Question

Pascal’s triangle looks as follows:

1

1 1

1 2 1

1 3 3 1

1 4 6 4 1

...

The first entry in a row is 1 and the last entry is 1 (except for the first row which contains only 1), and every other entry in Pascal’s triangle is equal to the sum of the following two entries: the entry that is in the previous row and the same column, and the entry that is in the previous row and previous column.

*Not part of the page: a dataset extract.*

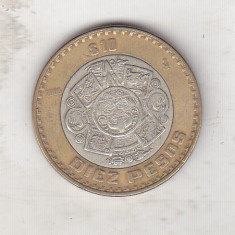 bnk mnd Mexic 10 pesos 2006 bimetal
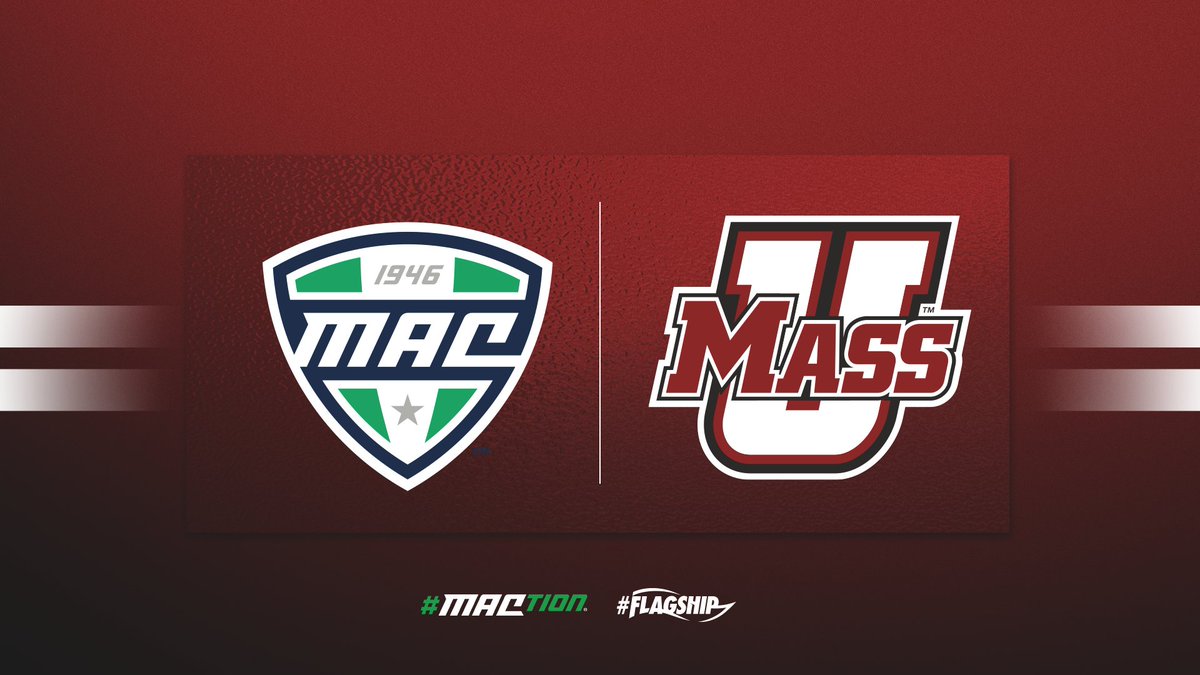 A new era begins! Massachusetts is headed to the @MACSports, beginning July 1, 2025. 🔗 bit.ly/UMassMACtion #MACtion 𝘅 #Flagship 🚩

Use dynamic programming to design an O(n²) time algorithm that computes the first n rows in Pascal’s triangle.

Answer 1

import java.util.ArrayList;

import java.util.List;

public class Main {

public static List<List<Integer>> pascalTriangle(int n) {

List<List<Integer>> triangle = new ArrayList<List<Integer>>();

if (n == 0) {

return triangle;

}

triangle.add(new ArrayList<>());

triangle.get(0).add(1);

for (int rowNum = 1; rowNum < n; rowNum++) {

List<Integer> row = new ArrayList<>();

List<Integer> prevRow = triangle.get(rowNum-1);

row.add(1);

for (int j = 1; j < rowNum; j++) {

row.add(prevRow.get(j-1) + prevRow.get(j));

}

row.add(1);

triangle.add(row);

}

return triangle;

}

public static void main(String[] args) {

int n = 10;

List<List<Integer>> triangle = pascalTriangle(n);

for (List<Integer> row : triangle) {

for (int el : row) {

System.out.print(el + " ");

}

System.out.println();

}

}

}